Significant rainfall runoff persisted into the phase of climactic eruptive activity, then rapidly diminished. An extensive rill network and numerous shallow landslides were observed in the mantle of pumice tephra on the hillslopes (figs. 15, 16), yet valley fill truncates many rills, and by late July 1991, the thick pyroclastic debris filling several valleys still lacked an integrated drainage system (K.M. Scott and others, this volume). The fact that only major rills cut across valley-bottom deposits indicates that most of the observed rill network was developed in the short time between deposition of the pumice tephra during the climactic eruption and deposition of the thick valley fill. Despite the fact that deposits from the climactic eruption completely destroyed vegetation in catchment headwaters and severely disrupted watershed hydrology, the magnitude of overland flow had diminished before final deposition of the valley fill; otherwise, a more extensive drainage network would have developed on that fill.
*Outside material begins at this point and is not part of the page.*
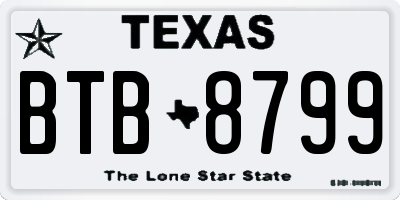 TX license plate BTB8799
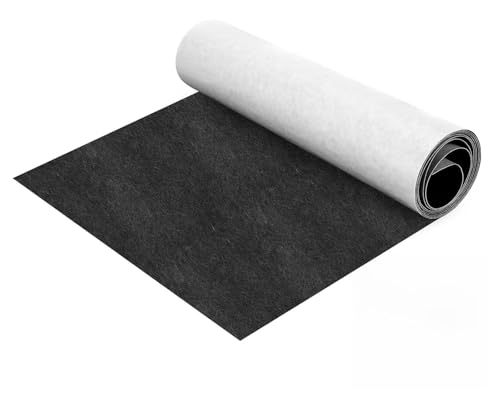 Alitree Lámina de Fieltro Autoadhesivo Fieltro Adhesivo Gris Oscuro Rollo de Tela de 40 X250 Cm, 1mm de Grosor Tela de Adhesivo para Tapizar Coches, Furgonetas, Barcos Y Otros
An extensive, integrated drainage network rapidly developed on the thick valley fill once the seasonal rains began in earnest (K.M. Scott and others, this volume). The reduction of overland flow likely reflects migration of Typhoon Yunya and a decrease in precipitation intensity. The sediment mobilized from these rills, and from the shallow slides, accounts for the numerous debris-flow deposits observed interbedded with the pyroclastic valley fill, but these were not the sources of sediment for the peak-discharge lahars.
Figure 16. Shallow landslides in pumice-tephra mantle. Photograph taken June 25, 1991.
Along the mountain front from the Porac River to the Sacobia River, peak discharge preceded deposition of the broadly distributed pumice fall (table 4). Between the Sacobia River and the O'Donnell River, peak discharge largely followed pumice fall; however, we were unable to examine proximal areas. The timing of peak discharge in each watershed probably reflects localization of variable-intensity eruption-induced rainfall, northward tracking of Typhoon Yunya, and perhaps variations in the intensity to which catchment headwaters were disturbed prior to the climactic activity. The characteristic response time of each watershed, the time required for the whole watershed to contribute to steady-state discharge at some outlet point, is probably a second-order effect influencing the variation in the timing of peak discharge. Transit times for overland flow off hillslopes and for channel flow to the chosen outlet point (see Dunne and Leopold, 1978; Dunne and Dietrich, 1980) reveal gross similarity of estimated response times (table 1). Thus, under equivalent conditions, a parcel of fluid from the farthest point in the basin should reach a comparable outlet point in a roughly equivalent amount of time for each watershed, except for the larger O'Donnell watershed, where the response time is slightly longer.
Table 4. Summary of characteristics and timing of peak-discharge lahars on the east side of Mount Pinatubo.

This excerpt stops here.